» **What you are asked to do**:
Each record, word for word and stripped of pictures, is what the answer should contain.

» **Task input**:
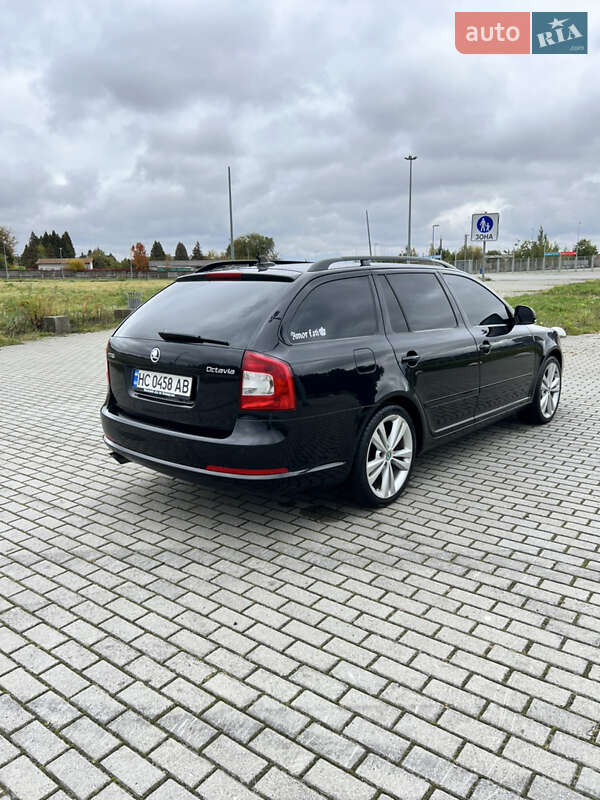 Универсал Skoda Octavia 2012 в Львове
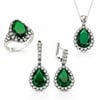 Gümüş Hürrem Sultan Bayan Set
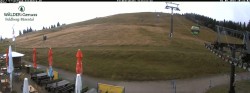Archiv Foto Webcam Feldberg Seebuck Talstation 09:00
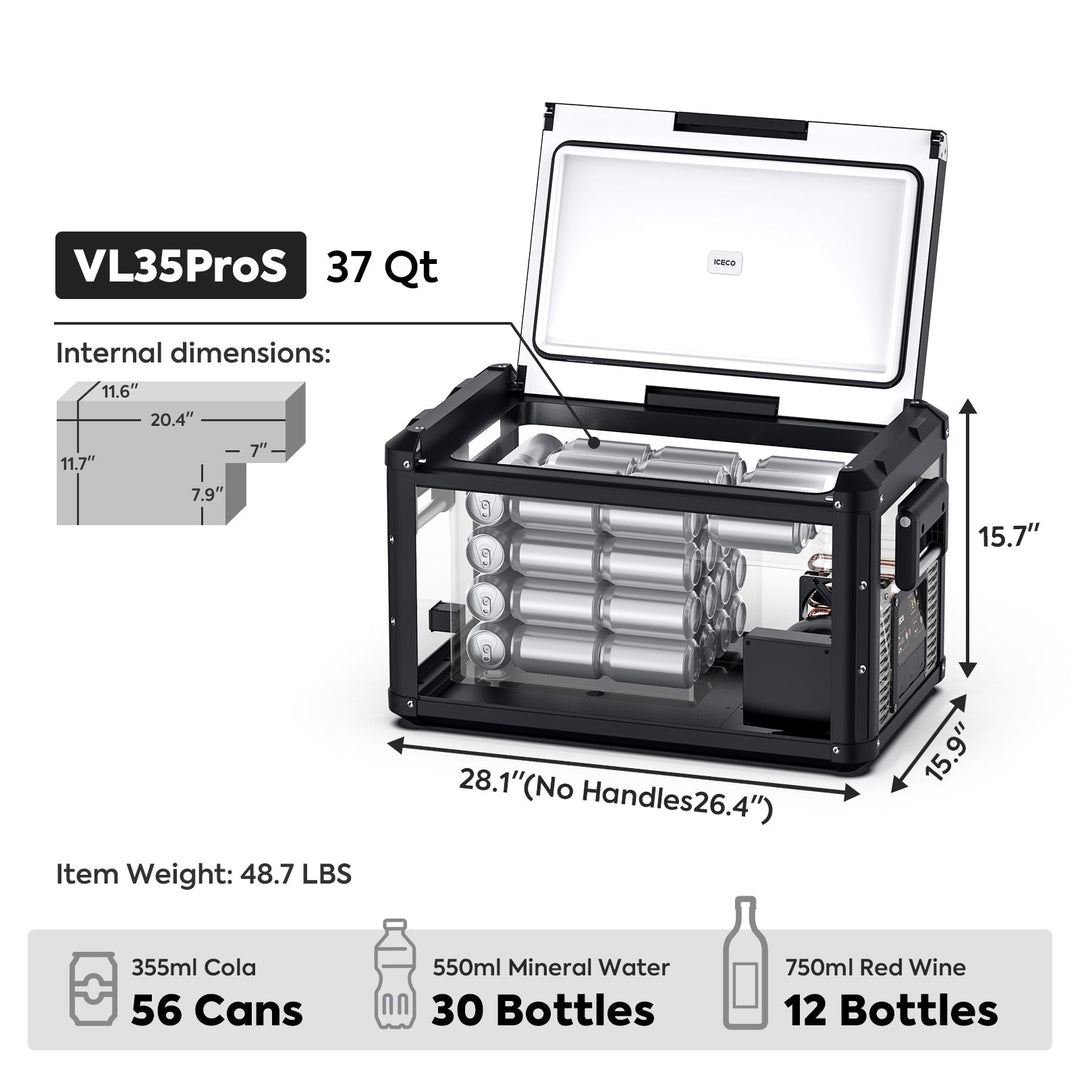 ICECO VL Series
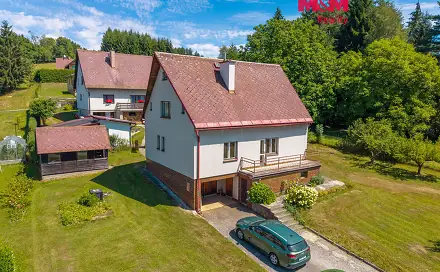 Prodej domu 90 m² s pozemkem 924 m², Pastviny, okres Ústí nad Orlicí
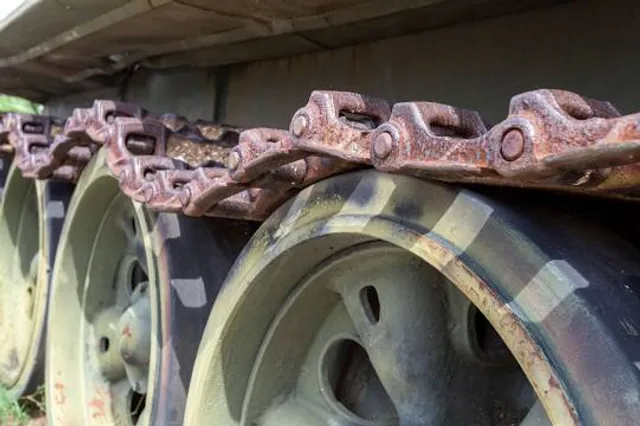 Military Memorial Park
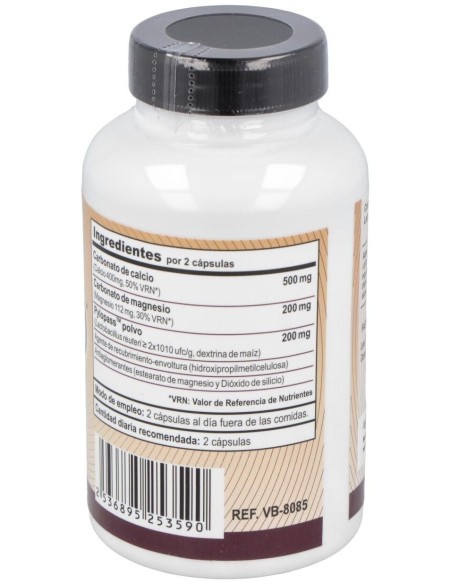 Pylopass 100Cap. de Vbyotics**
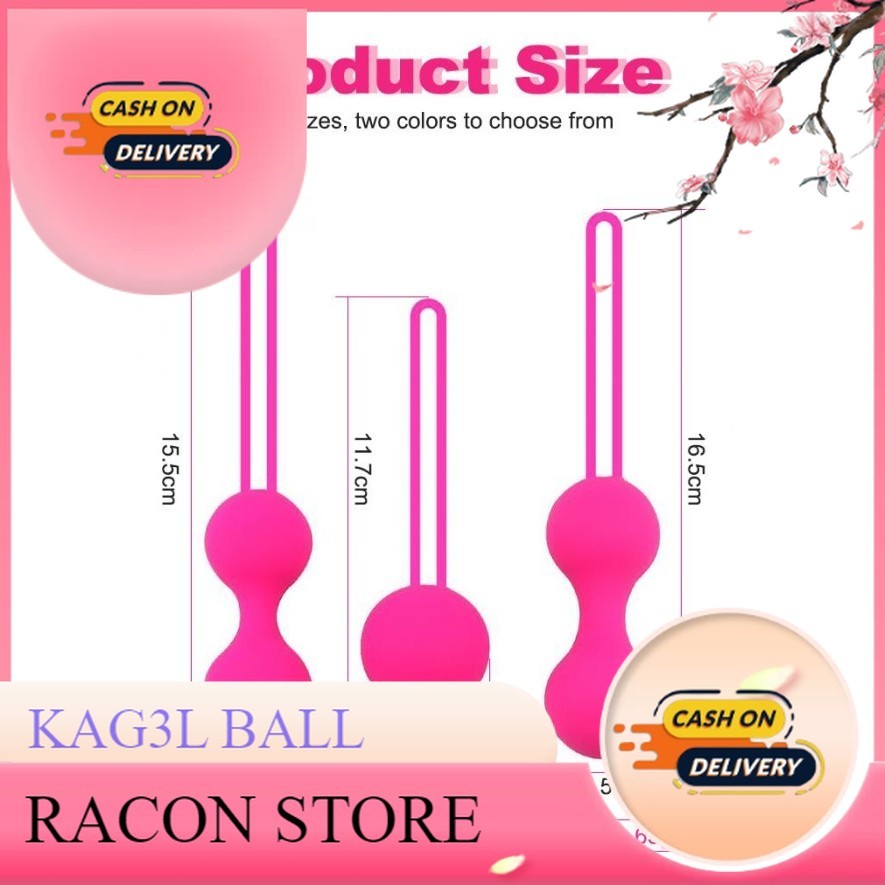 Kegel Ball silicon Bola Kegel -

» **Written response**:
 Универсал Skoda Octavia 2012 в Львове
 Gümüş Hürrem Sultan Bayan Set
Archiv Foto Webcam Feldberg Seebuck Talstation 09:00
 ICECO VL Series
 Prodej domu 90 m² s pozemkem 924 m², Pastviny, okres Ústí nad Orlicí
 Military Memorial Park
 Pylopass 100Cap. de Vbyotics**
 Kegel Ball silicon Bola Kegel -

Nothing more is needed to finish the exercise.